Imaginemos, então, que no século III a.C., Cartago tivesse conseguido conquistar Roma durante a Segunda Guerra Púnica. Como o mundo teria evoluído sem a influência romana até os nossos dias? Apesar de o general cartaginês Aníbal Barca – filho de Amílcar Barca, comandante da Primeira Guerra Púnica – não ter invadido e dominado Roma, sua influência e também a de Cartago, cidade no norte da África, permaneceu durante muito tempo no que futuramente se tornaria o Império Romano.

Obviamente, o influxo mais direto ocorreu no campo militar, pois o cartaginês aniquilou os exércitos romanos com suas táticas – que futuramente foram incorporadas pelos generais de Roma, mas também influenciaram Napoleão e outros líderes militares. 

No entanto, apesar da comprovada genialidade em batalha, outra grande influência da passagem avassaladora de Aníbal pelo sul do Mediterrâneo ocorreu na vitivinicultura. Boa parte da produção do sul da Espanha e da França ainda hoje tem heranças cartaginesas. O avanço cartaginês. Acredita-se que a cidade de Cartago, na atual Tunísia, tenha sido criada pelos fenícios.

Reprodução da pintura “Tempestade de Neve: Aníbal e o seu Exército a Atravessar os Alpes” de William Turner. Diz-se que Aníbal só conseguiu a travessia graças ao vinho que derramou sobre rochas queimadas

 

Após perder o controle sobre as ilhas da Sardenha e de Córsega depois da Primeira Guerra Púnica, travada por seu pai, Amílcar Barca, Aníbal instalou-se nos territórios da Hispânia (atual Espanha), retomando a “Nova Cartago”, hoje Cartagena, no litoral espanhol. Prontamente, o domínio cartaginês foi da Andaluzia à Catalunha. 

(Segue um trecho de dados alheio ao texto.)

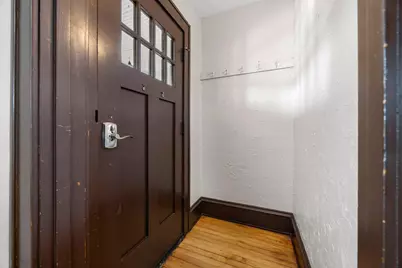 909 Saint Anthony Avenue, Saint Paul, MN 55104 - Photo 11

Durante sua investida contra Roma, que contou com mais de 100 mil homens e valeu-se de elefantes, ele atravessou a Gália chegando até o Alpes – que os romanos julgavam intransponíveis – especialmente durante o inverno. Segundo historiadores romanos, havia uma lei cartaginesa que proibia o vinho para os soldados, assim como para os escravos, para os magistrados durante o exercício da função, para os comandantes de navios e também para todas as pessoas antes de realizarem um ato sexual.

A população chegou a ser descrita como “sóbria e frugal”. Não se deve esquecer, porém, que Cartago sofreu grande influência helenística e cultivava o hábito de beber vinhos gregos, além dos seus próprios. No entanto, sabe-se que o vinho foi fundamental para o avanço do exército de Aníbal. 

Na época, consumir água “pura” era perigoso devido ao risco de contaminação, portanto, o vinho era a alternativa para que os soldados não ficassem doentes. No lombo dos cavalos e dos elefantes que atravessavam as terras inimigas, os homens de Aníbal levavam consigo grandes quantidades de vinho de todos os tipos e lugares, fossem da Grécia, da Campania, da Cantábria etc. 

Acredita-se ainda que a travessia dos Alpes só tenha sido possível graças ao vinho. Diante de passagens estreitas e congeladas, bloqueadas por grandes rochas, Aníbal teria ateado fogo sobre as pedras e depois derramado vinho (alguns dizem que era vinagre) para que elas se tornassem mais frágeis e pudessem ser facilmente quebradas por seus soldados.

Legado para a vitivinicultura

 

Apesar de os relatos sobre os costumes cartagineses serem poucos e terem desaparecido (Roma aniquilou Cartago ao final das Guerras Púnicas), acredita-se que essa passagem do exército de Aníbal pelo sul do Mediterrâneo tenha deixado um grande legado para a vitivinicultura. 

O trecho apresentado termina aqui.